Daniel Grou on how Cardinal boosted his career

The filmmaker discusses taking a more production-focused role on the hour-long drama, which returns for its third season today on CTV.
Daniel Grou pic

Over the past decade Daniel Grou (also known as Podz) has become one of the most in-demand directors working in Canada. But even with an impressive roster of credits on his resume, the Montreal-born filmmaker still has to fight his own demons once post-production starts.

“I literally hide under the table when I watch the first cut, and think I should make something else, or become an owner of a convenience store,” he tells Playback Daily.

He should likely keep his 7-Eleven resume in the drawer where it belongs. Grou’s recent credits include a what’s-what of Canadian production, including Vikings (including three episodes from the most recent season), his upcoming feature project Mafia Inc (Attraction Images, Caramel Films) and the new season of Cardinal (Sienna Films, eOne), which premieres Jan. 24 at 9 p.m. on CTV.

Grou directed the entire first season of Cardinal, before missing season two due to scheduling conflicts and then returning to helm season three in its entirety. Shot primarily in North Bay from September to November 2017, the third season continues to story of detectives John Cardinal and Lise Delorme (played by Billy Campbell and Karine Vanasse).

While directing is his first passion, he said Cardinal has allowed him to expand his skill set, with Grou taking his first executive-producing credit on the drama series. “I’m more part of the budget process – not necessarily the process of getting the money, just where the money is going,” he said.

Grou said it’s an area he’d like to increase his exposure to, in particular because he believes it will make him a more efficient director. “As a director you can say ‘okay, this part of the script is very important, and it’s expensive, so let’s put our money in this area and cut down in this area,’” he said. “Moving forward I would like to have more of a hand in those decisions across all the projects I work on.”

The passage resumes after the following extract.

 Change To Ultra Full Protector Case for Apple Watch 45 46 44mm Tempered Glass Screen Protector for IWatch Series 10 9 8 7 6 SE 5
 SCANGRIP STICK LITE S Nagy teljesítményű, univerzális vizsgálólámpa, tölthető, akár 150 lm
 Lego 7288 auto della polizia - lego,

Returning to direct the third season has been a slightly different experience than the first, added Grou, because the team this time knew it had an international hit on its hands.

Season one launched in January 2017 to impressive ratings, critical acclaim and a number of high-profile international sales, including a deal with BBC in the U.K. The reception wasn’t exactly what Grou had anticipated. “I was always confident it would connect with our main audience, which is a Canadian audience, but I was kind of surprised when it blew up the way it did internationally,” he said, adding that the recognition gained by the show also boosted his profile.

Grou is now looking ahead to his French-language feature project, Mafia, which went into post-production earlier this week. Grou said post will likely be complete by in May or June, with Les Films Seville attached to distribute the film in Quebec. No release date has been set for the film.